▼

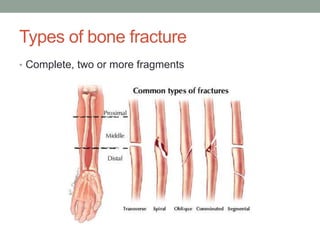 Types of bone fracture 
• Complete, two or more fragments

▲
▼

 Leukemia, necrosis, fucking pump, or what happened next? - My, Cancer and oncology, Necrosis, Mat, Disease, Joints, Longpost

▲

REQUIRED ACTION => From the records above, copy only the lines running from the line holding "Types of bone fracture" through the line holding "or more fragments", with no pictures.

THE ANSWER =>
 Types of bone fracture 
• Complete, two or more fragments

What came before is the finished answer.